Posted to codereview@trafodion.apache.org by zellerh <gi...@git.apache.org> on 2018/04/24 22:50:09 UTC

[GitHub] trafodion pull request #1539: [TRAFODION-3042] RAND() function is not always...

GitHub user zellerh opened a pull request:

    https://github.com/apache/trafodion/pull/1539

    [TRAFODION-3042] RAND() function is not always random

    When called without a seed, we use a seed based on the system timestamp. The random generator we use generates similar output values for seeds that are close together. Adding another randomization step to avoid that.
    
    Also switched from a microsecond to a nanosecond-based timestamp.

You can merge this pull request into a Git repository by running:

    $ git pull https://github.com/zellerh/trafodion bug/R23a

Alternatively you can review and apply these changes as the patch at:

    https://github.com/apache/trafodion/pull/1539.patch

To close this pull request, make a commit to your master/trunk branch
with (at least) the following in the commit message:

    This closes #1539
    
----
commit 36e21b2c9c722bbcb551c35a761f069811051ea0
Author: Hans Zeller <hz...@...>
Date:   2018-04-24T21:39:16Z

    [TRAFODION-3042] RAND() function is not always random
    
    When called without a seed, we use a seed based on the
    system timestamp. The random generator we use generates similar
    output values for seeds that are close together.

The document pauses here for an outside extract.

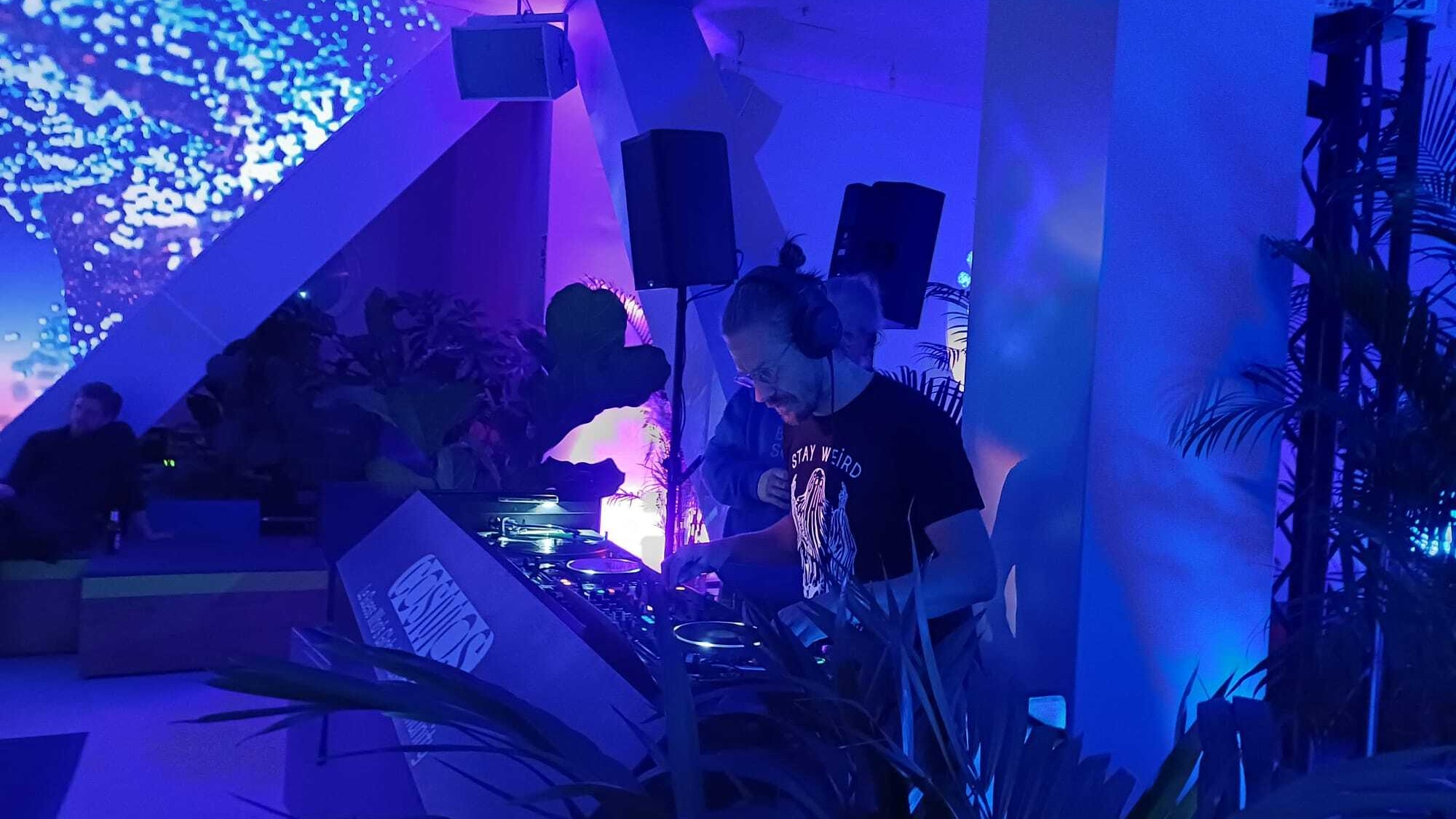 Le Guess Who? | COSMOS & Stranded FM: Duizend Baasheid Wax Society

Adding another
    randomization step to avoid that.

commit 4f834729efa2c9ae74922f1f32226a29b6f8d7d0
Author: Hans Zeller <hz...@...>
Date:   2018-04-24T22:01:37Z

    [TRAFODION-3042] Switch to nanosecond-resolution time
    
    Getting ready for the day where we can do two RAND() calls
    in a microsecond - hopefully soon :-)

----


---

[GitHub] trafodion pull request #1539: [TRAFODION-3042] RAND() function is not always...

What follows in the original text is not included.